Il sera question dans ce roman, dit d’atmosphère, de Mathilde, jeune femme qui en aime une autre, Jeanne. Mais voilà que les femmes de sa vie partent, d’abord sa grand-mère adorée, Rose, puis Jeanne, qui doit quitter pour le Yukon et qui ne reviendra que dans six mois.
Cela peut être long six mois pour un être en état de perte aigüe. Pour Mathilde, plongée dans l’ambiance de souvenirs morbides, le temps s’étirera en longueur et en langueur. Les contacts avec son colocataire, Thomas, ne rempliront pas sa vie, d'autant plus qu’elle a abandonné ses études en secret. Sa vie est en suspend et elle sonne creux.
Pourquoi ne pas la remplir, en remplissant son ventre d’un enfant?
J’ai accompagné Mathilde dans ses pensées les plus intimes, sans arriver à vraiment la saisir. Elle se dévoile par bribes, par saccades, par inadvertance. Aussitôt que je pensais m’approcher d'elle, elle s’éloignait, me laissant derrière elle au milieu d'une abondance de descriptions pointues : décors qui l’entourent, découpage de ses gestes, détails des personnes qui la côtoient.
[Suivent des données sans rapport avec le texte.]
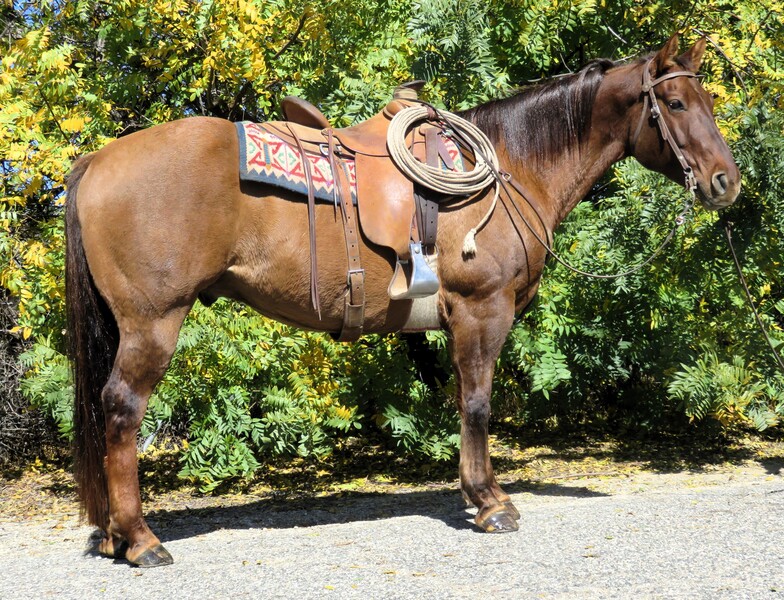 13 YEAR OLD 16 HAND DUNN GELDING
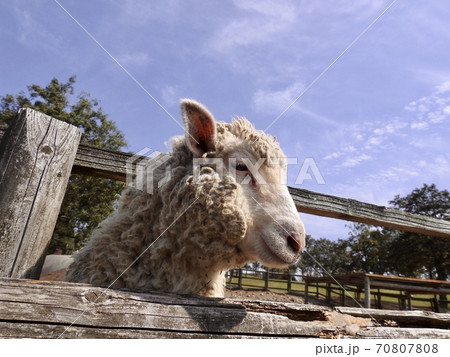 イケメンな羊の写真素材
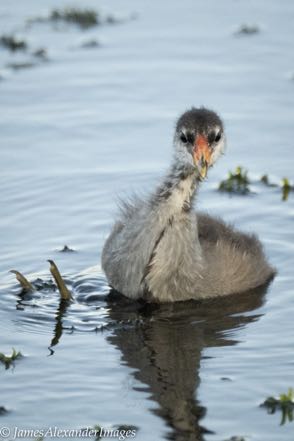 American Coot Chick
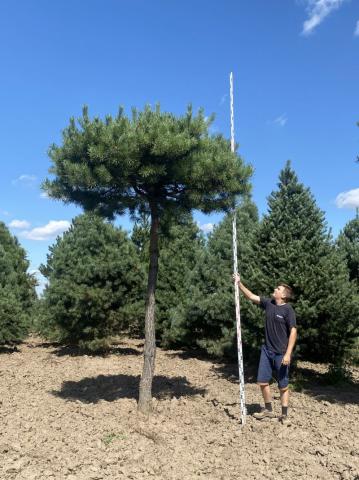 Pinus sylvestris | deštník 300 cm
Maude Veilleux a un style canevas au petit point très maîtrisé. Ce style a pris tant de place, que Mathilde a fini par rapetisser sous mes yeux.
Au final, je regrette que son malaise diffus n’ait jamais susciter ma compassion, puisque j'aime m'attacher aux personnages de roman. Pas nécessairement les aimer mais à tout le moins m'y attacher. Sa désinvolture apparente qui sonnait parfois à mes oreilles comme une fausse note, a fini par jouer avec ma patience. J’ai eu envie à plus d’une reprise de la secouer afin qu’elle s’exprime, qu'elle crie, et qu’ultimement se sorte et me sorte de sa bulle étouffante. Son silence de plus en plus sourd devant Jeanne son amoureuse me faisait chauffer à petits bouillons.
J’ai été curieuse de son sort et l’ai suivie jusqu’à la toute fin. Comment aurait-il pu en être autrement? Le style de Maude Veilleux captive, capture le lecteur dans sa toile, comme une araignée sa proie.